Mis à jour 05/06/2023 à 11:07 GMT+2

GRAND ENTRETIEN - Hervé Duthu, ancien commentateur vedette du tennis sur TF1 est l'homme qui a posé sa voix sur la finale de Roland-Garros 1983. Témoin privilégié de l'épopée Noah, le journaliste était aussi un proche du champion français et donc au cœur de cette folle quinzaine. Il nous permet de voyager quarante ans en arrière pour revivre cet événement historique réalisé par un homme à part.

Yannick Noah le 5 juin 1983. Le jour de gloire.

Crédit: Getty Images

Hervé, vous étiez en 1983 l'un des rares commentateurs de tennis à la télévision française. Qu’est-ce qui vous a amené à le devenir ?
Hervé DUTHU : Celui qui a fait en sorte que le tournoi de Roland-Garros soit retransmis, Christian Quidet, a quitté TF1 pour être remplacé par un autre Directeur des sports, un ancien du Monde et de l'ORTF, François Janin.
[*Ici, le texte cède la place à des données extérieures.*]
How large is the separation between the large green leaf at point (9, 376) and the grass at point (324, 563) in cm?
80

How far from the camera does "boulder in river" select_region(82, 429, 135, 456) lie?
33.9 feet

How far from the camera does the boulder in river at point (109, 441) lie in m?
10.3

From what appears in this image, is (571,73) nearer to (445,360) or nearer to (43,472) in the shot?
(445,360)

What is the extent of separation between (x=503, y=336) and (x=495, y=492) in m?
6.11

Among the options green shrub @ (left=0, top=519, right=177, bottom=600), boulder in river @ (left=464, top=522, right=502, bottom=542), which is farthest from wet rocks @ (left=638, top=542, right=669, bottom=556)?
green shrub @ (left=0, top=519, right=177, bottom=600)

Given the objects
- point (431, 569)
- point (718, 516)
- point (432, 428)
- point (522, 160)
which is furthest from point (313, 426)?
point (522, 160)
Ce dernier m'a demandé de quitter Antenne 2, où j'officiais, pour rejoindre TF1. J'y ai hérité du tennis et d'une émission autour du tennis qui s’appelait Balle de match. J'ai fait venir un autre ancien journaliste de "la deux", Alain Teulère, pour faire cette émission mensuelle avec moi.
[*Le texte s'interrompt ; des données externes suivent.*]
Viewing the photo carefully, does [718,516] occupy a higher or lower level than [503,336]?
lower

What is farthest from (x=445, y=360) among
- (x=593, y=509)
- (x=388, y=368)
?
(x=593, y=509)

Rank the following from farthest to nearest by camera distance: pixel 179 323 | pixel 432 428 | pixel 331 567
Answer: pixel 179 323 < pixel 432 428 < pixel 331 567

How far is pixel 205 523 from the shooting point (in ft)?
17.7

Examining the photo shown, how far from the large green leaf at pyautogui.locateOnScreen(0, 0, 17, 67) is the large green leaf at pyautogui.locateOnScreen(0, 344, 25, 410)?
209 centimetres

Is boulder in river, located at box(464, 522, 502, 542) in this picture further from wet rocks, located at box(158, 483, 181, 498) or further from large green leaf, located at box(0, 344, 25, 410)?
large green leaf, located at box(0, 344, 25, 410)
Qu'est-ce que le tennis à la Télévision Française en 1983 ?
H.D. : C'est déjà quelque chose de très important, en pleine ascension. Depuis les années Pecci, vers 1978, les gens regardaient beaucoup. Et puis il y avait un groupe de joueurs français qui marchaient bien, dont le leader naturel était Yannick Noah.
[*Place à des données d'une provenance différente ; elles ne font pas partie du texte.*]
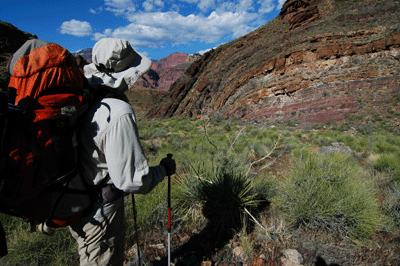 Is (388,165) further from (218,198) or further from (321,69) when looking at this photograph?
(321,69)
Comment était diffusé le tournoi de Roland-Garros ?
H.D. : C'était diffusé pratiquement toute la journée. On commençait le matin à 11 heures, c'était sur une seule chaîne, et on terminait vers 19h30, 20h. Lors du quart de finale de Noah contre Ivan Lendl, le journal de 20h avait même été repoussé pour qu'on puisse voir la fin du match, avec probablement ce qui avait été la meilleure audience, plus que la finale encore, ce qui est naturel vu l'horaire.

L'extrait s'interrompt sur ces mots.